部分的ですが、「日本書紀」でも高皇産靈尊(タカミムスビノミコト)が国譲りを大国主(オオクニヌシ)に迫る時に「天安河に打ち橋をかける」と約束しています。

この神々の談合に於いて天照大御神は葦原中つ国は日嗣の御子が治めるべき土地であるとして国譲りを強硬に主張します。

勿論、その背後にいて画策したのは明らかに高皇産靈尊=高木大神だったと考えられます。

 この安河ですが、筑前町ではなく現朝倉市西部の領域に下渕(旧安川村)、 甘水(旧安川村)、 隈江(旧安川村)、 持丸(旧安川村)、 千手(旧安川村)、 長谷山(旧安川村)、 楢原(旧安川村)があり、現在の彦山西麓の旧小石原村(現東峰村)から流れ出す小石原川流域こそが旧安川だった事を思わせるのです。

 朝倉市、朝倉郡は、古代より筑前国15郡の「夜須」「上座」「下座」3郡をなし、「和名抄」でも下座を下都安佐久良(シモツアサクラ)、「延喜式」も上座を上都安佐久良と記している。

 一方、現筑前町は旧夜須町+旧三輪町(夜須郡 古代安郡)によるもので、「安」は直接天の安川に通じると考えるべきなのです。
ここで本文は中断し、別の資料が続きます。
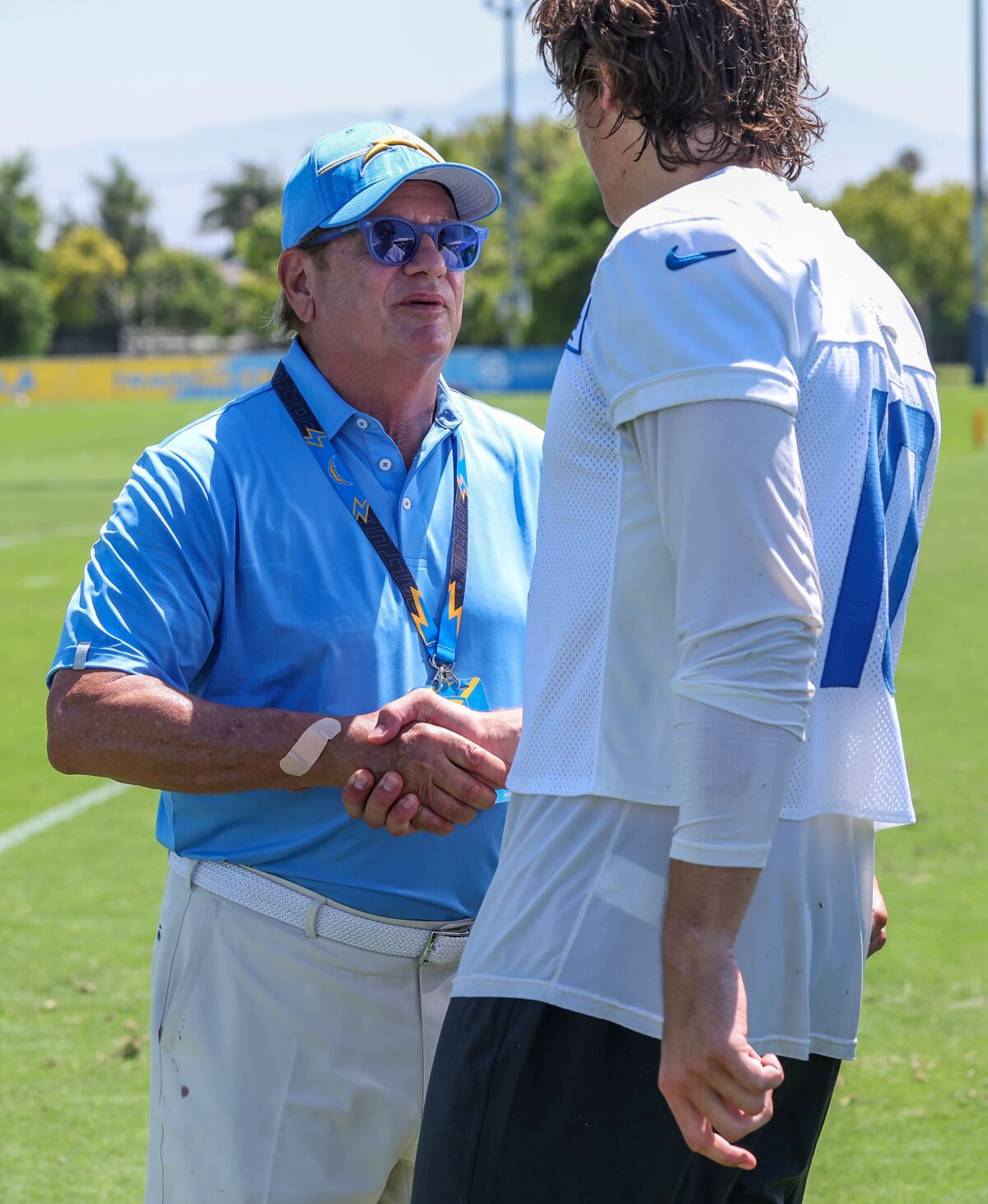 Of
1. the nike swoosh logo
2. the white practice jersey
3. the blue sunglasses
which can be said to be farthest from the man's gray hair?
the nike swoosh logo

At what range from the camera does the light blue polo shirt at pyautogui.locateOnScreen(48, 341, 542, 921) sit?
2.86m

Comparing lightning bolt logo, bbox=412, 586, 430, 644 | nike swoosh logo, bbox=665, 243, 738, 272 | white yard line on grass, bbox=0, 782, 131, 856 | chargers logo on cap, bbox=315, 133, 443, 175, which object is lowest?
white yard line on grass, bbox=0, 782, 131, 856

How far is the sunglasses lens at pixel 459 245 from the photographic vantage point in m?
3.37

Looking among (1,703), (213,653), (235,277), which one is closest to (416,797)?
(213,653)

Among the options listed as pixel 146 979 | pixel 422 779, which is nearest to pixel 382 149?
pixel 422 779

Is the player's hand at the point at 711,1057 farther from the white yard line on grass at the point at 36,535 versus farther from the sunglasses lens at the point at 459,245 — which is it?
the white yard line on grass at the point at 36,535

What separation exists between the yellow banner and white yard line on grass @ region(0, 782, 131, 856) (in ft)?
172

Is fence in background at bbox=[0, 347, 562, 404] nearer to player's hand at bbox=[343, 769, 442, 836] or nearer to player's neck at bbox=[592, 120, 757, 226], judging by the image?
player's hand at bbox=[343, 769, 442, 836]

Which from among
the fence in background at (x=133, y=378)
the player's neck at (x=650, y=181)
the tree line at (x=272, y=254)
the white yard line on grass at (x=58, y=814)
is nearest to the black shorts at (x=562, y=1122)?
the player's neck at (x=650, y=181)

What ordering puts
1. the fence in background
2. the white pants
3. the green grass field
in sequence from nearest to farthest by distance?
1. the white pants
2. the green grass field
3. the fence in background

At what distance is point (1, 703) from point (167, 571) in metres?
8.36

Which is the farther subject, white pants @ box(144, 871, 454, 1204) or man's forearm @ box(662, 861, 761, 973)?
white pants @ box(144, 871, 454, 1204)

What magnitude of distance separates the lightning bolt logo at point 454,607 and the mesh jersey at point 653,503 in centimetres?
98

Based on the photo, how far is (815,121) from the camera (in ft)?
7.50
三輪山も神功皇后の目配山と変えられていますが、三輪山も本来ここなのです。

 その背後には、彦山を本拠地とする高木大神(高皇産靈尊)、武甕槌(草部吉見=ヒコヤイミミ高木の次女を妃とする)、天照大御神(高木大神の叔母と列島大率姫氏の娘)という強固な勢力が存在していたのです。さて、外部の方はご存じないでしょうが、この地(筑前町弥永)には何故か堂々たる県社オオナムチ神社があります。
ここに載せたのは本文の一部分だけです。